Le monstre et autres nouvelles 

Ed. L'Arbre Vengeur 


Pour les recueils, je ne crois pas qu'il soit toujours pertinent de faire une présentation exhaustive de chaque nouvelle dont il est composé. Et, dans ce cas précis, je dirais même qu'un inventaire de détails serait bien moins éloquent qu'une impression générale. Commençons donc par prendre un peu de hauteur.

Gaston Chéreau est un journaliste de la première moitié du vingtième siècle, homme de lettres, membre de l'académie Goncourt - de ce fameux millésime qui n'a pas récompensé Céline en 1932 - et également photographe. Le mieux pour cerner l'homme est encore de jeter un œil aux dédicaces que l'on trouve en tête de chaque nouvelle de ce recueil - de Léon Werth, romancier, essayiste libertaire et dédicataire du Petit Prince, à Henri Duvernois, auteur d'une comédie dramatique existentielle, en passant par Léon Blum, qu'il ne me semble pas utile de présenter, et par quelques inconnus, illustres ou non en leur temps. Loin d'être anecdotiques, je crois au contraire que ces dédicaces sont très révélatrices. Révélatrices d'une époque, d'un contexte et d'une personnalité.
 
Auteur d'une littérature du terroir, Gaston Chéreau affine cette veine jusqu'à en produire une variation agraire. Car, plus que de considérations régionalistes, c'est bien du monde paysan qu'il est question. Des femmes et des hommes du cru. L'auteur leur donne la parole, les met en scène dans tout ce qu'ils ont de plus rustique, de plus bourru, de plus authentique, de plus horrible.
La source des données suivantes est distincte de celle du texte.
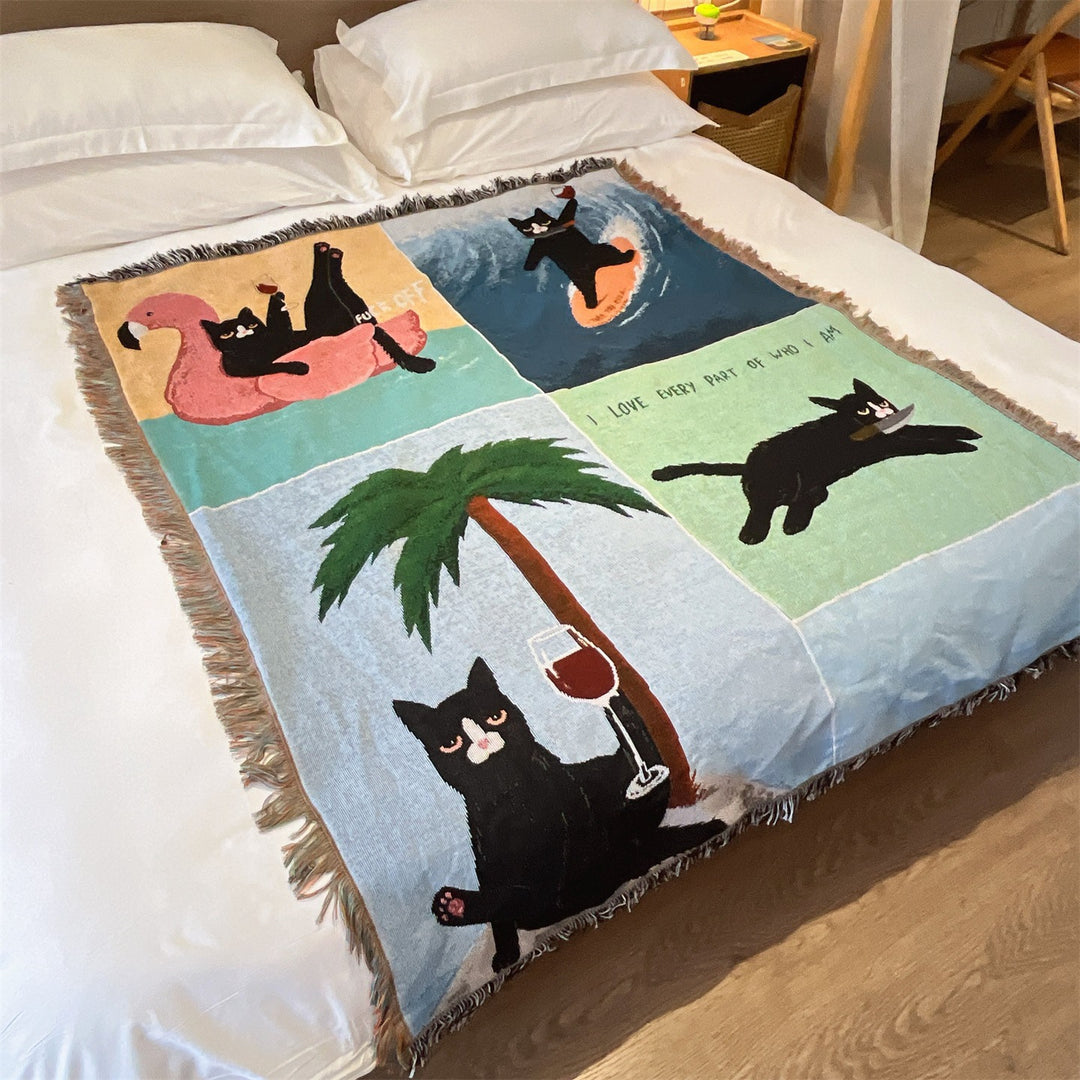 Künstlerische katzenmotivierte Wurfdecke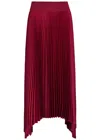 Joseph Pleated Asymmetric-hem Skirt In Red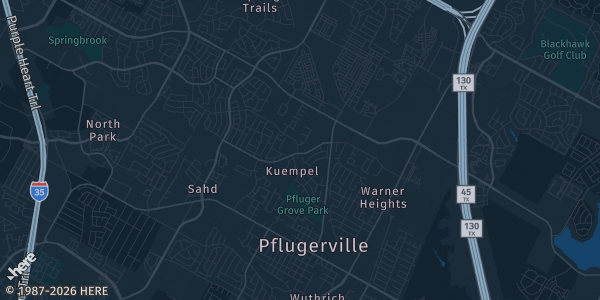 Map of Pflugerville, TX. The exact address of Pflugerville Conference Center is not known, so the map shows the area rather than a specific building.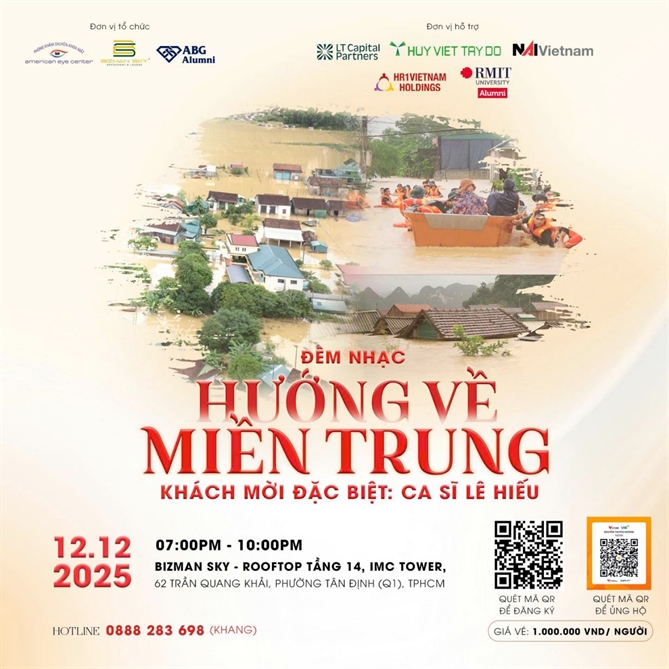 Dem nhac Huong Ve Mien Trung voi su tham du cua ca si Le Hieu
En effet, ces femmes et ces hommes n'en sont pas. Ce sont des monstres. Pas n'importe lesquels : des monstres ordinaires.
 
Avec de tels personnages, méchants, buttés, violents, envieux, cruels, Gaston Chéreau ne vous incite ni à avoir foi en l'humanité, ni à croire en votre prochain. Pourtant, il ne s'agit ni plus ni moins que d'une version champêtre de nous-même. Les pieds dans la fange et menant une existence de misère, ces monstres nous ressemblent...
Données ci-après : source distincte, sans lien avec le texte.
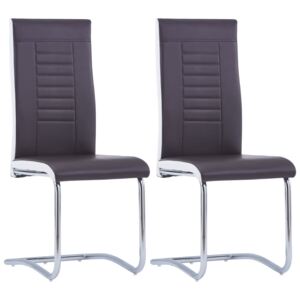VidaXL Cantilever Dining Chairs 2 pcs Brown Faux Leather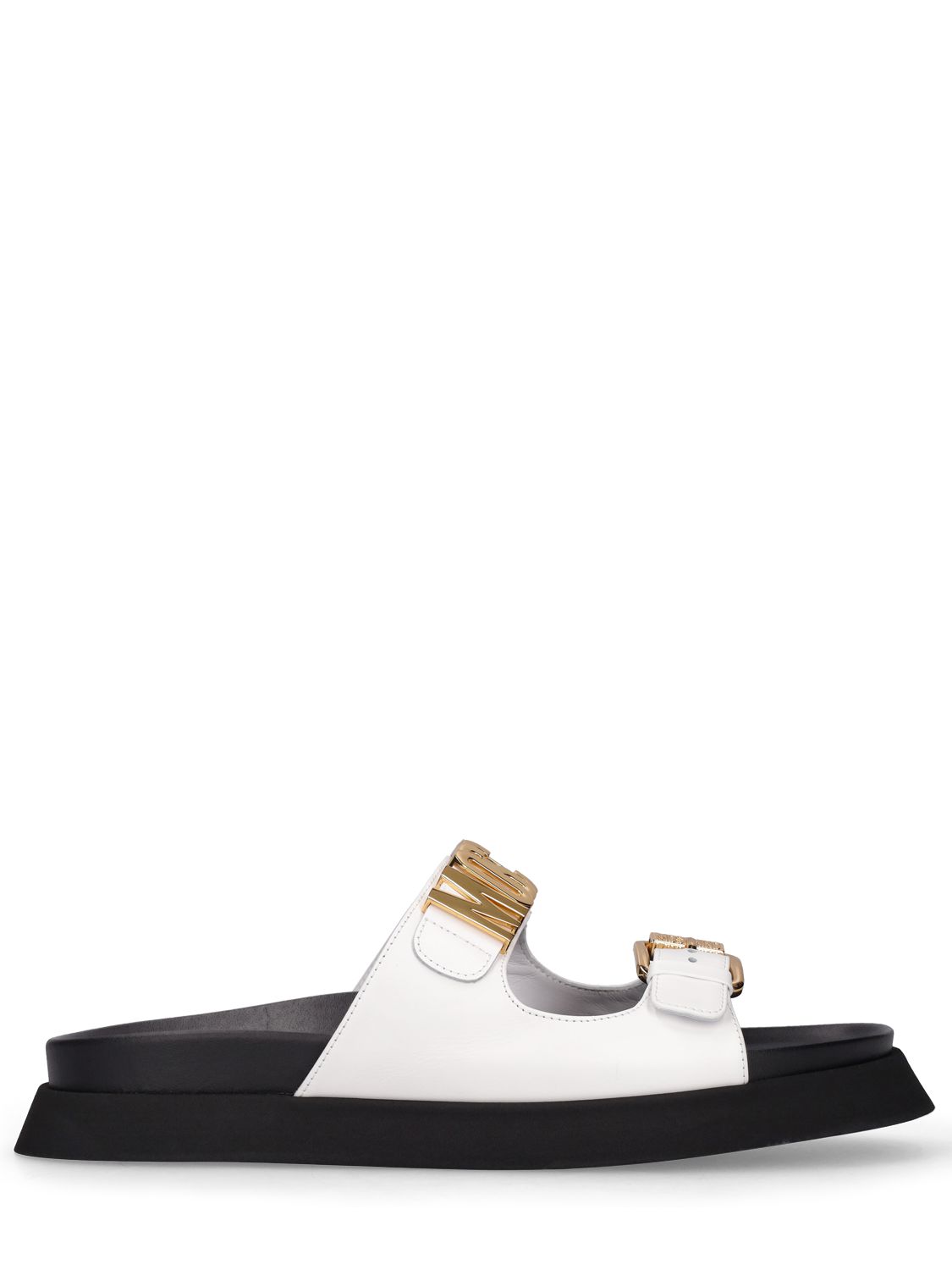 Moschino 40毫米字母皮革凉鞋 In White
"- Berniaude, c'est-y toué qu'à point fermé les poules à la nuit ?
- J'ai-t-il point fermé les poules, nout' maîtresse ?
- D'hasard ! À c'matin, all' étion'ouvertes. J'aime point ça... Ha ! pendant que j'y pense : t'engraisses, t'engraisses !... Te v'là quasi plus grousse que l'Maître ! J'aime point ça non plus ! Y a un moyen : travaille plus fort et mange pas tant."